How about using a Regular Expression?
The exact means of implementation will depend on the language you're using.
The easiest way to be reasonable sure is to use a regular expression that makes sure you have at least two components of the domain name. That way you can handle most bad cases. It should look something like this:
/^(http:\/\/)?(\w+)(\.\w+)+$/
If you don't want to require that they enter http:// (or https://) then the only thing you can really go on is whether the string contains a "." (I assume you don't need to handle "internal" servers?). You could also validate against known domains and check for invalid characters, but beyond that pretty much anything goes.
As for actual implementation, regex would be the way to go if you can stomach it.. there's no doubt countless examples of validating URLs if you Google.
If you're not going to enforce it to be a valid URI (I.e. you make the scheme optional) then the only real option is to try and connect to it via HTTP.
I think the quickest way to do this would be through a Regular Expression test. This however will not prove whether its a valid URL
First, try to validate if the input text is a well-formed URL by using regular expressions. If the check is OK, try a DNS lookup to validate if the host is known. Don't forget the special case of localhost or 127.0.0.1. Also take care of hosts specified by their IP address. If these checks are OK, you may want to try an actual connection.
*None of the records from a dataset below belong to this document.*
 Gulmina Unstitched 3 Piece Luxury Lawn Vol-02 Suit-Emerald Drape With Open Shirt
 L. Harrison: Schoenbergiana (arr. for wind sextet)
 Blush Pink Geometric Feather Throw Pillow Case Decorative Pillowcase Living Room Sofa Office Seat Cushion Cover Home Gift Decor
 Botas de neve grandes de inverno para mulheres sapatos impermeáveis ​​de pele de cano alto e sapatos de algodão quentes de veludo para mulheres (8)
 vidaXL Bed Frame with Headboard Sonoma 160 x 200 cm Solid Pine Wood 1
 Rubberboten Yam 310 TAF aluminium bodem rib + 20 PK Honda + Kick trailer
If these checks fail, you can modify the input text and check again. Possible modifications include:
- prepend
http://
- prepend
www.
- append
.com
,.org
,.net
, whatever - append
:8080
,:8888
, whatever - mix any of the above solutions
- try also prepending
file:///
for a local access
See Regexp::Common on CPAN, especially R::C::URI and R::C::URI::http. Even if you can’t use the modules themselves, there are the regular expressions in the source. This is a good start.
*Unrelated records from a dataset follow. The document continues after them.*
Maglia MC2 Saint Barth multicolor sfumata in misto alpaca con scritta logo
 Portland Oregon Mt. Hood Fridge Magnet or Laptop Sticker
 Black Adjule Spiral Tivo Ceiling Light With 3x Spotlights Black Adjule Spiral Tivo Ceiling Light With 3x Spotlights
Notice that the following two are also valid web addresses. Do you want to allow them?
localhost
208.77.188.166
Can you do a DNS lookup from your application, this will get round any "i'm not sure if it's a real address".
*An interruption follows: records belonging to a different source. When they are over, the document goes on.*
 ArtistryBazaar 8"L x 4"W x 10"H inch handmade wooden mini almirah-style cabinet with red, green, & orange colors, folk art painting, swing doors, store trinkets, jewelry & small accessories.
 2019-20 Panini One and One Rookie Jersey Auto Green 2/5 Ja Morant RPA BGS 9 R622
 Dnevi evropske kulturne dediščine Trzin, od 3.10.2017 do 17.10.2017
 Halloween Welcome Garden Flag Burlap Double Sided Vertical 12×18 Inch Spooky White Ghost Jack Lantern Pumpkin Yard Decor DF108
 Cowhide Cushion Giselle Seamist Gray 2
Apologies for the ensuing expression but it seems to capture most (if not all) cases :
^(?#Protocol)(?:(?:ht|f)tp(?:s?)\:\/\/|~/|/)?(?#Username:Password)(?:\w+:\w+@)?
(?#Subdomains)(?:(?:[-\w]+\.)+(?#TopLevel Domains)
(?:com|org|net|gov|mil|biz|info|mobi|name|aero|jobs|museum|travel|[a-z]{2}))(?#Port)
(?::[\d]{1,5})?(?#Directories)(?:(?:(?:/(?:[-\w~!$+|.,=]|%[a-f\d]{2})+)+|/)+|\?|#)?
(?#Query)(?:(?:\?(?:[-\w~!$+|.,*:]|%[a-f\d{2}])+=(?:[-\w~!$+|.,*:=]|%[a-f\d]{2})*)
(?:&(?:[-\w~!$+|.,*:]|%[a-f\d{2}])+=(?:[-\w~!$+|.,*:=]|%[a-f\d]{2})*)*)*(?#Anchor)
(?:#(?:[-\w~!$+|.,*:=]|%[a-f\d]{2})+)?(?#What not to end in)[^.!,:;?]$
My recommendation would be to not validate exactly at all. Instead, use a regular expression based approach, and if that doesn't match you can give a soft warning: "what you wrote doesn't look like a valid address. are you sure this is what you want to write?".
Definitely do not follow the idea of trying to connect to the address. That would open you up for all kinds of nasty security problems, including having your web site used for denial-of-service attacks against other web sites. That would land you in legal trouble.
Doing a DNS lookup is costly, but viable if you deem it's worth the cost.